While being a fairly nebulous term, digitization has changed and is changing companies beyond recognition. The ability to use technology and digital information to accomplish tasks that once required human judgment and action are almost too numerous to count at most firms.
Anything from helping an employee relocate across the world to testing and launching a new product now requires a much better grasp of how to use technology and digital information than it did even 5 years ago, and certainly a decade or more. It has meant that managers in all industries and roles must be as good at making IT-related decisions about what technology they need and how to deploy it as they are at making HR-related decisions about what people to hire and how to get the most out of them.

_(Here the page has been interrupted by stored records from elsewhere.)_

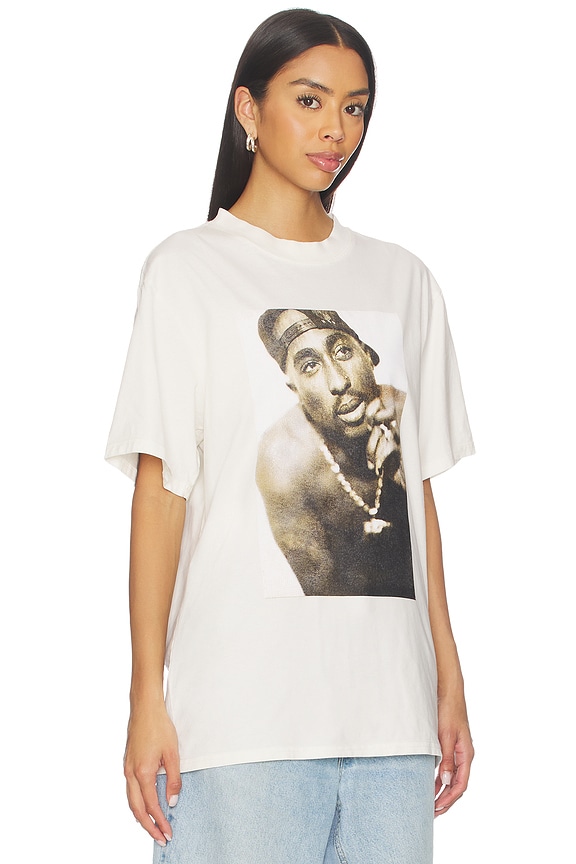 view 2 of 4 Tupac Smoke Tee in Cream Pigment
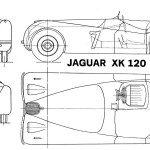 Jaguar XK120 blueprint
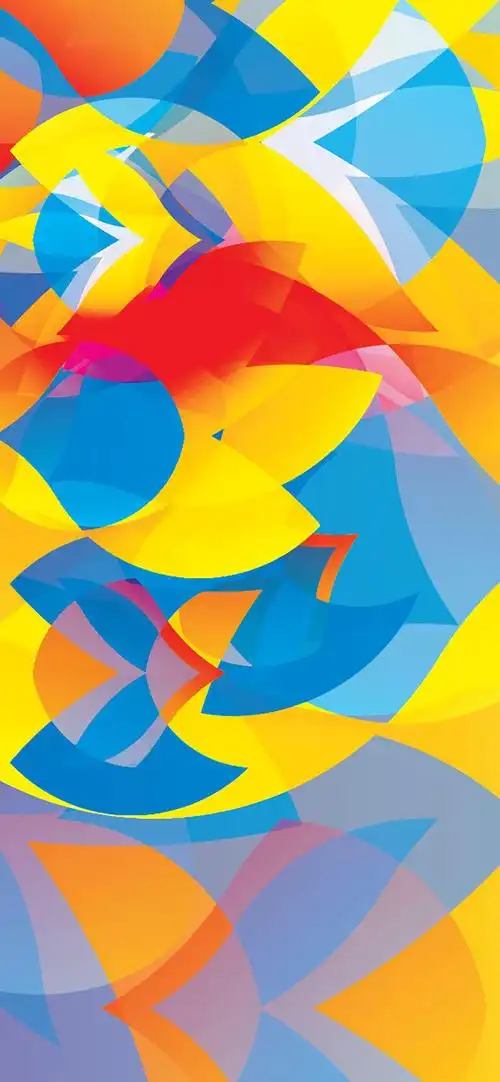 iphonex xs 高清壁纸 炫彩几何撞色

Unsurprisingly, this has also changed how those in the IT department do their jobs as well. Where once IT professionals were the technology experts and possessed most of the necessary knowledge, now they must work with line managers who often have a better idea about a niche piece of technology or vendor than they do. This doesn’t mean that the fundamental role of IT has changed – IT teams are still there to prevent wasted spending, excessive complexity, and the taking on of ill-considered risk – but how they do it has.
Business Building Lessons from Adobe
Today, you would be hard pressed to find a business leader who was openly resistant to digitization, but look beneath the surface of most large companies and you will find countless points of resistance.

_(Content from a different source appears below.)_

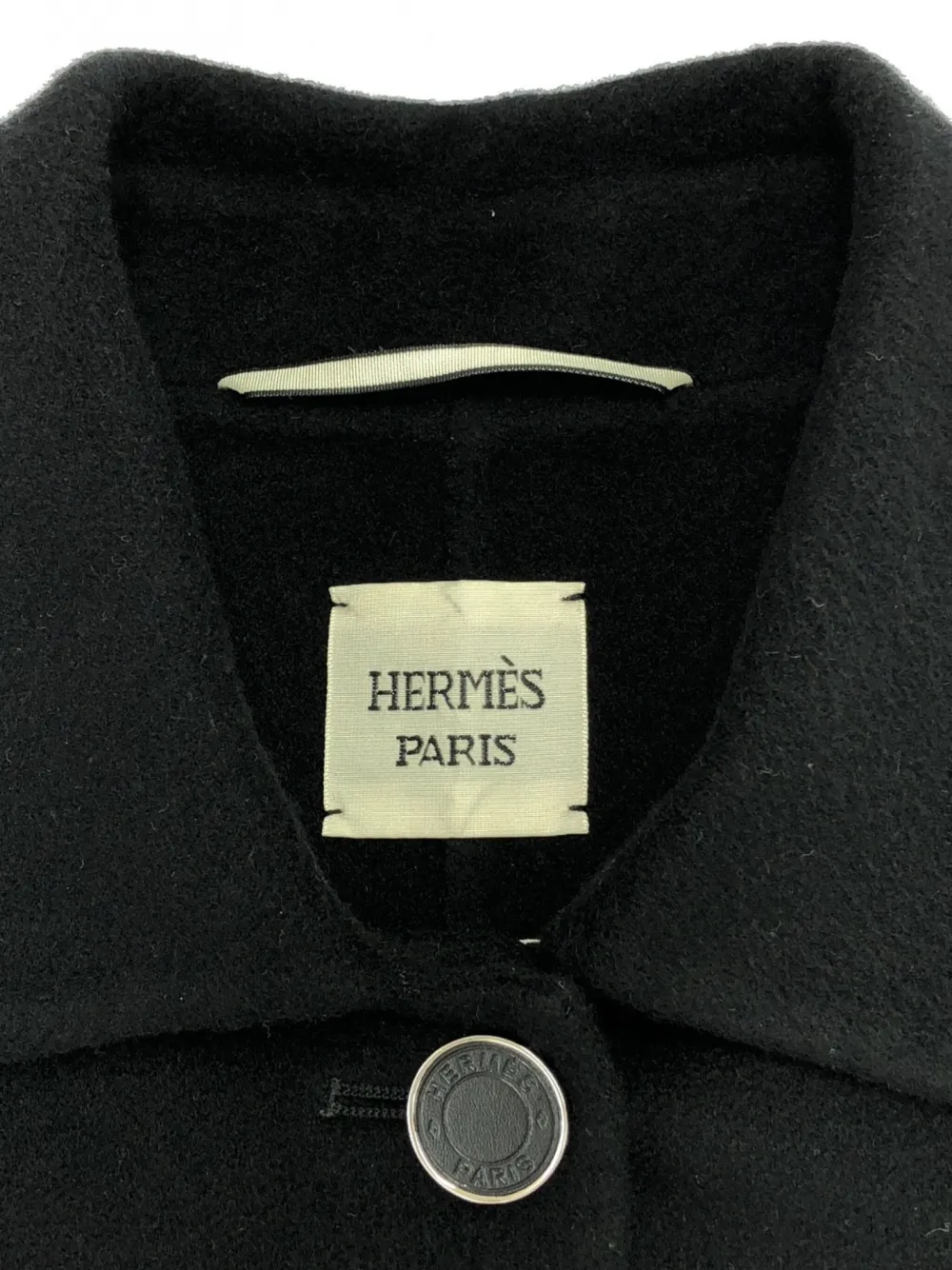 Pre-owned Hermes 2010s Cashmere Jacket In Black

Using digitization to make work more efficient or collaboration (another key shift in how companies are run) easier is held back by people’s worries about what it will cost or the disruption it will cause in the short-term. None of these sticking points is intentional, and none relate directly to the technology, but the problems they produce are no less real for that.

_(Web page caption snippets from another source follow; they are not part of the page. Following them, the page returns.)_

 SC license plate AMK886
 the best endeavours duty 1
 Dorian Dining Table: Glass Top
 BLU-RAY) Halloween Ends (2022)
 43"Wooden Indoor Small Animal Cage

For example, when Adobe decided to transform its business model from selling “boxed” (or perpetual-license) software to bundled software in the cloud, the company worried about telling investors that the financial results would decline before picking up. Though the business model change was the right thing for the company to do, the expectations of everyone from shareholders to suppliers meant it was difficult to manage through the transition.
Four Barriers to Digitzation
And Adobe’s experience is typical of many companies. There are four types of expectation that can cause problems for companies as they get to work on digital products or services.
Margin expectations: Many CIOs are collaborating with other business leaders to launch analytic and data products that benefit from the massive volumes of data their companies.
But some report that since the margins on these new services were either difficult to calculate or expected to be low until the services scaled-up, they struggled to compete for investment with higher margin but lower growth products in the existing business portfolio.
Cost expectations: The CIO at a financial services organization in CEB’s network of IT professionals reports that their emphasis on reducing operating costs prevented them from taking advantage of new digital technologies in the cloud: “Our CFO has set aggressive OpEx targets.
We’re trying to achieve cost efficiencies in IT by moving to the cloud, but the central mandate prevents us from moving spending away from CapEx.”
Performance expectations: Successful digitization requires information sharing and cross-functional collaboration.
But while senior leaders might produce a mandate about how important digital initiatives are, the strict objectives and timelines they set for their teams often pull in different directions and discourage them from collaborating toward a common objective.
Behavioral expectations: Working in a digital environment requires employees to be more open to collaboration, risk-taking, and constant change. However, few companies formalize these behaviors in their employee performance objectives.
In fact, CEB research shows that only 27% of business employees have digitization-focused performance goals, which means they’re often not sure what is actually expected of them.